• [COLLECTED DATA]
————————

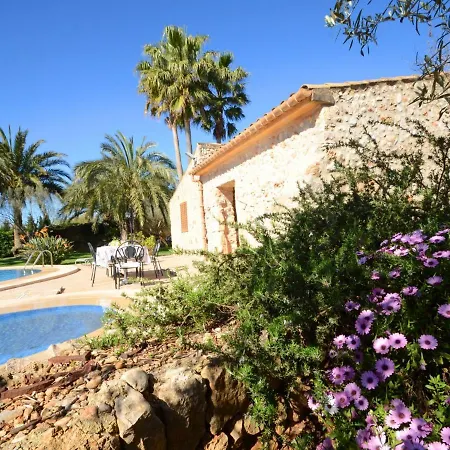 Rovey, Pool And Gardens In אינקה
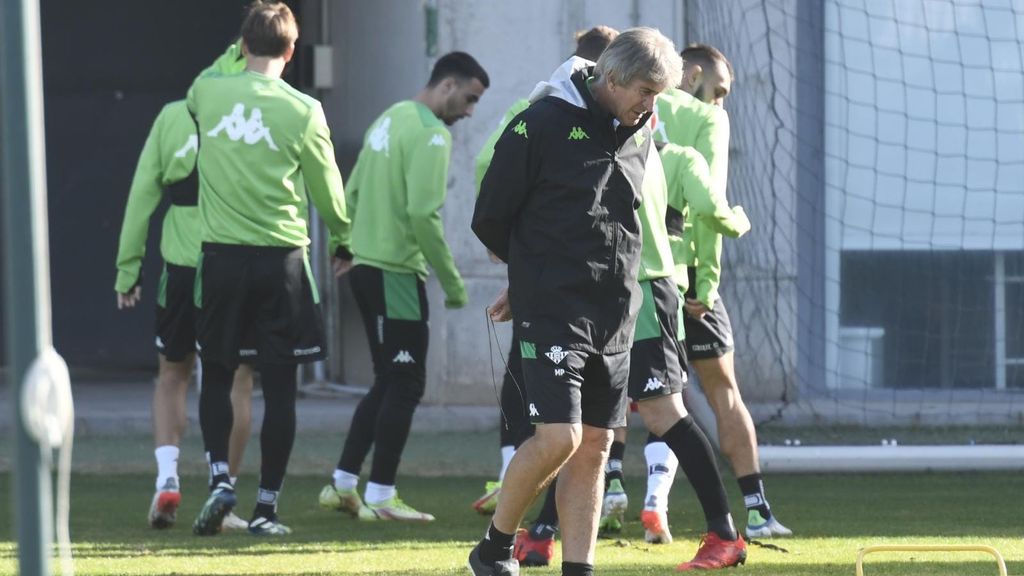 Rueda de prensa completa de Pellegrini en la previa del Elche-Betis de LaLiga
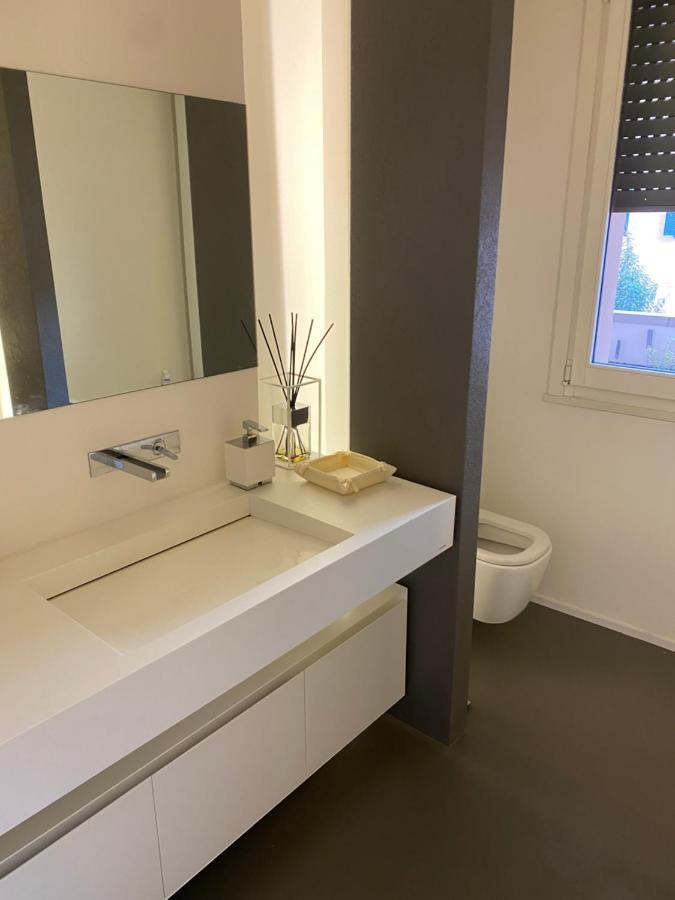 Via Cortirola Luxury Apartment Pesaro Zewnętrze zdjęcie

————————

Repeat the material above word for word, please, apart from its images.

 Rovey, Pool And Gardens In אינקה
 Rueda de prensa completa de Pellegrini en la previa del Elche-Betis de LaLiga
 Via Cortirola Luxury Apartment Pesaro Zewnętrze zdjęcie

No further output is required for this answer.